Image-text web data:
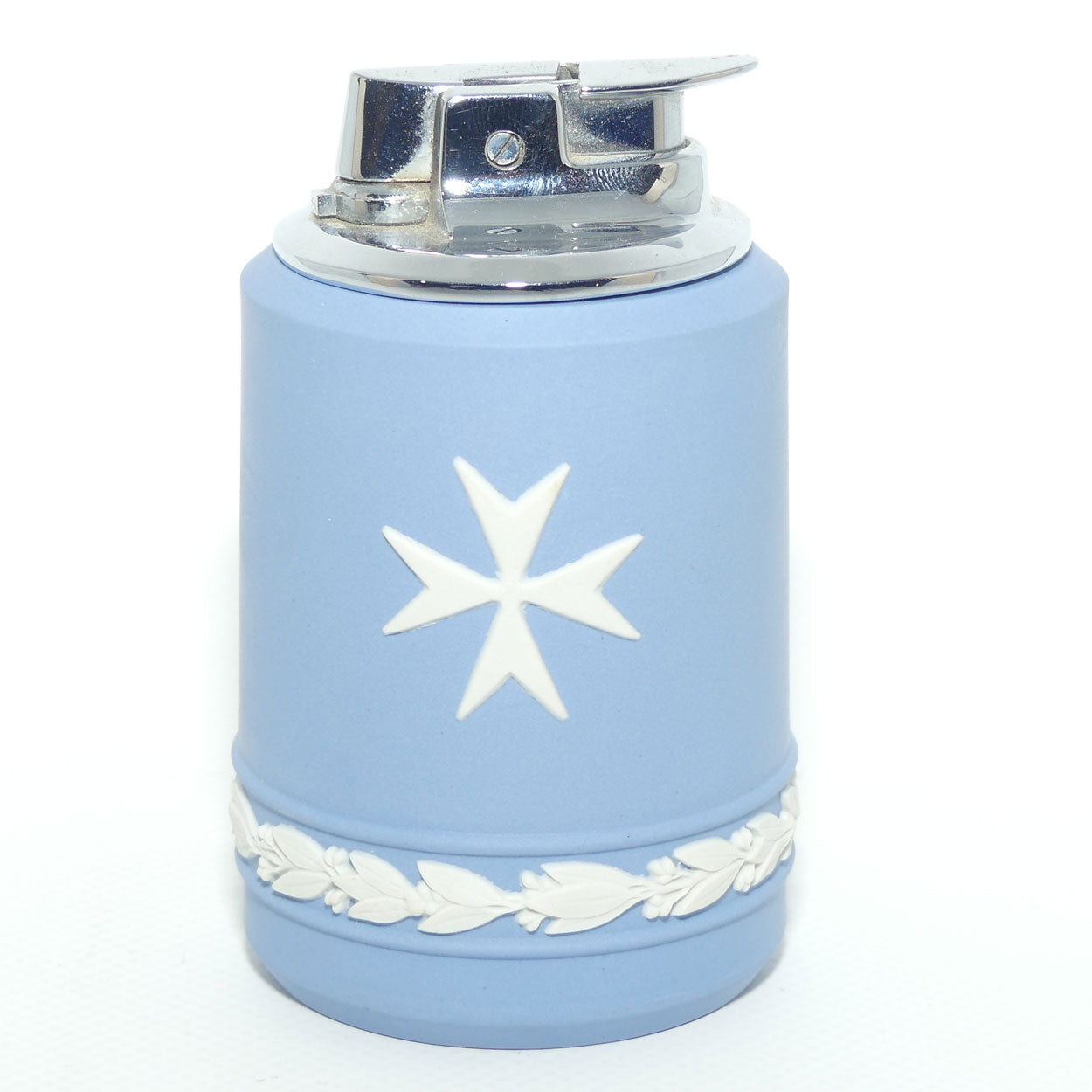Wedgwood Jasper | White on Pale Blue | Maltese Cross table lighter
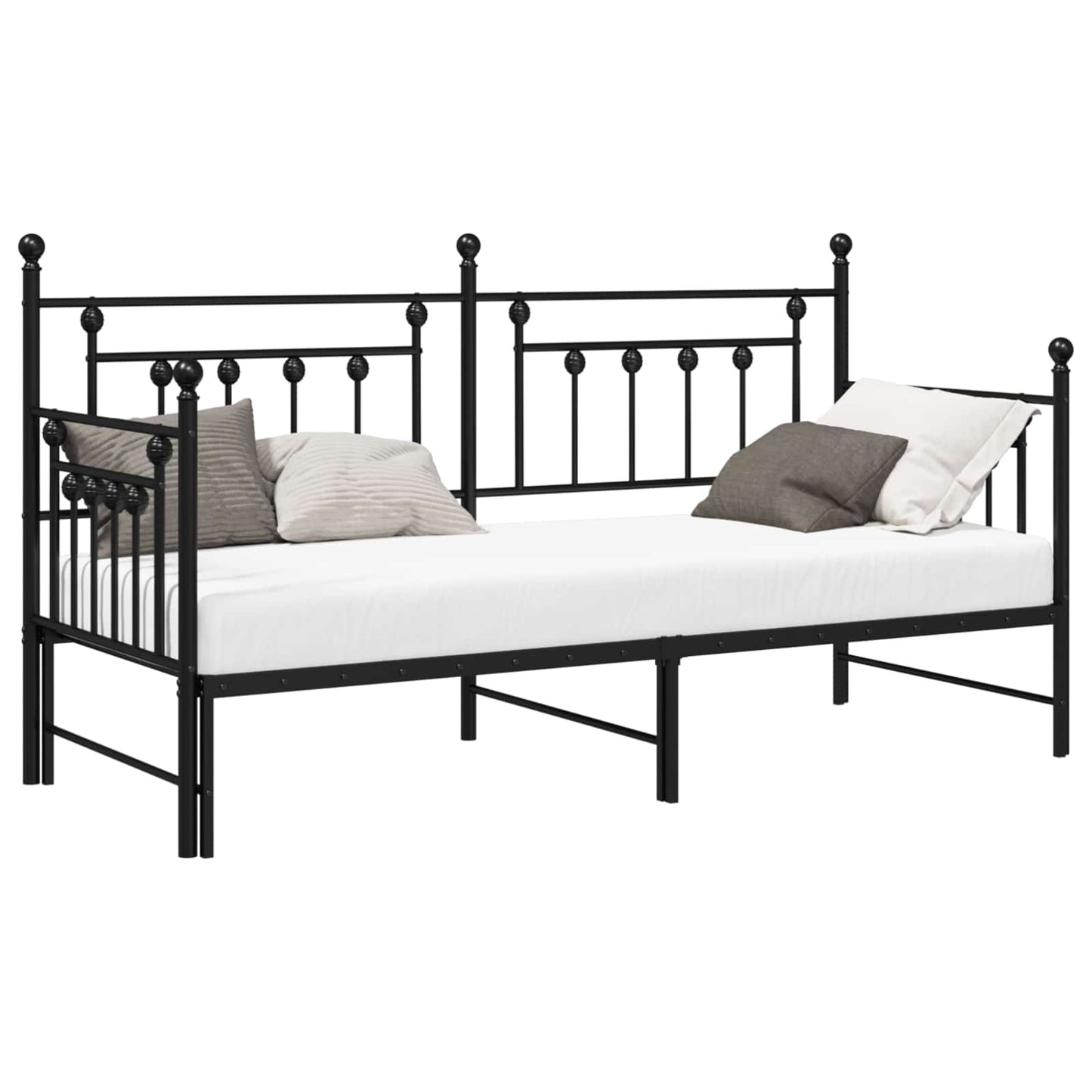 Daybed Frame Black 75 x 190 cm Steel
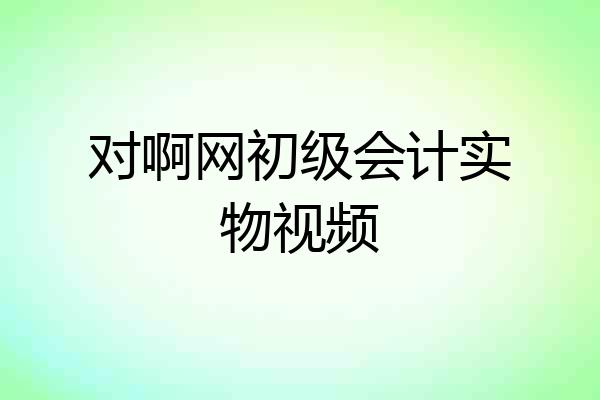 对啊网初级会计实物视频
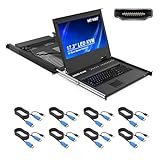 MT-VIKI 1U HDMI LCD KVM Konsole 8 Port mit 17.3'' LCD Monitor für 1HE 19'' 600-800mm Schrank Schublade Hotkey OSD mit 8xKabeln 1920X1080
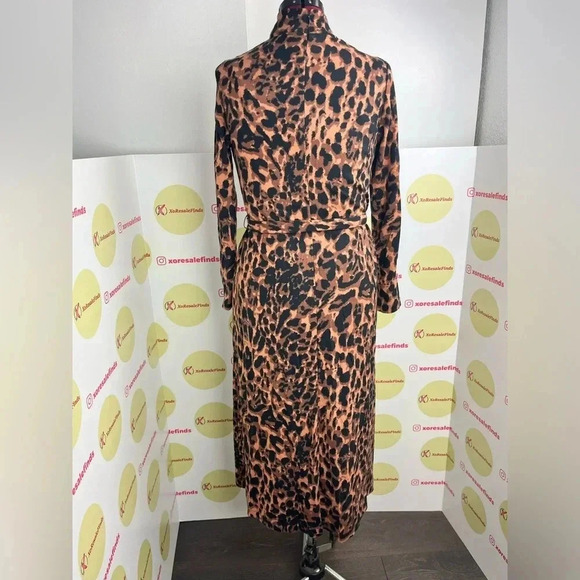 INC Womens Knit Animal Print Belted Midi Dress Long Sleeves - Picture 3 of 5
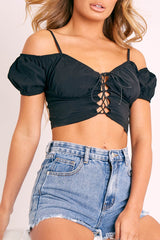 Black Bardot Milkmaid Lace Up Crop Top - Abigail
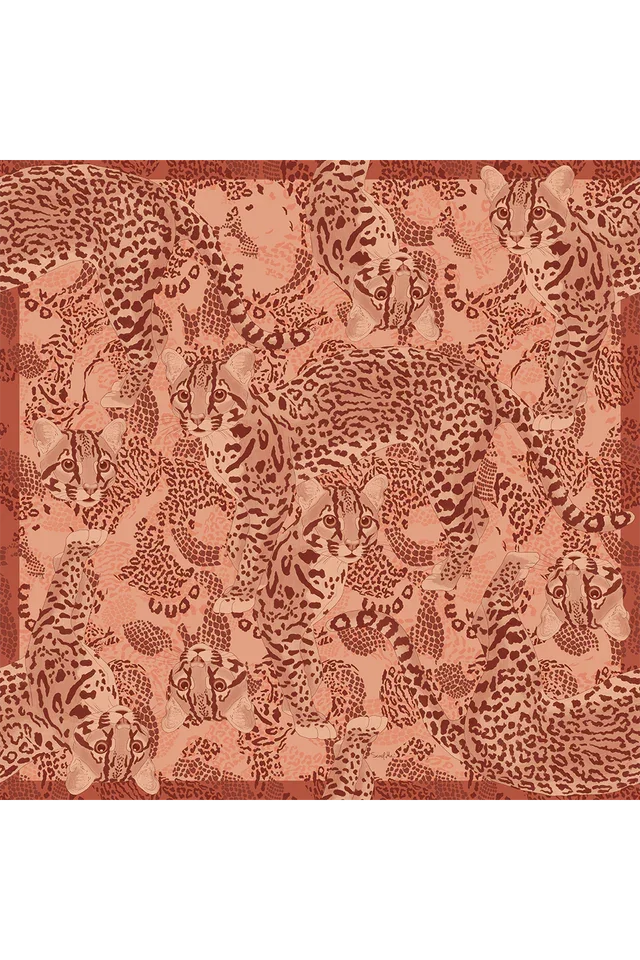 Pañuelo Jaguatirica do Cerrado- Satén de Seda/ 65x65 - Scarfme | Bufandas, Pañuelos, Chales, Turbantes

[Exercise goal] Restate every entry above word for word; no picture belongs in the copy.

[Response]
Wedgwood Jasper | White on Pale Blue | Maltese Cross table lighter
 Daybed Frame Black 75 x 190 cm Steel
 对啊网初级会计实物视频
 MT-VIKI 1U HDMI LCD KVM Konsole 8 Port mit 17.3'' LCD Monitor für 1HE 19'' 600-800mm Schrank Schublade Hotkey OSD mit 8xKabeln 1920X1080
 INC Womens Knit Animal Print Belted Midi Dress Long Sleeves - Picture 3 of 5
 Black Bardot Milkmaid Lace Up Crop Top - Abigail
 Pañuelo Jaguatirica do Cerrado- Satén de Seda/ 65x65 - Scarfme | Bufandas, Pañuelos, Chales, Turbantes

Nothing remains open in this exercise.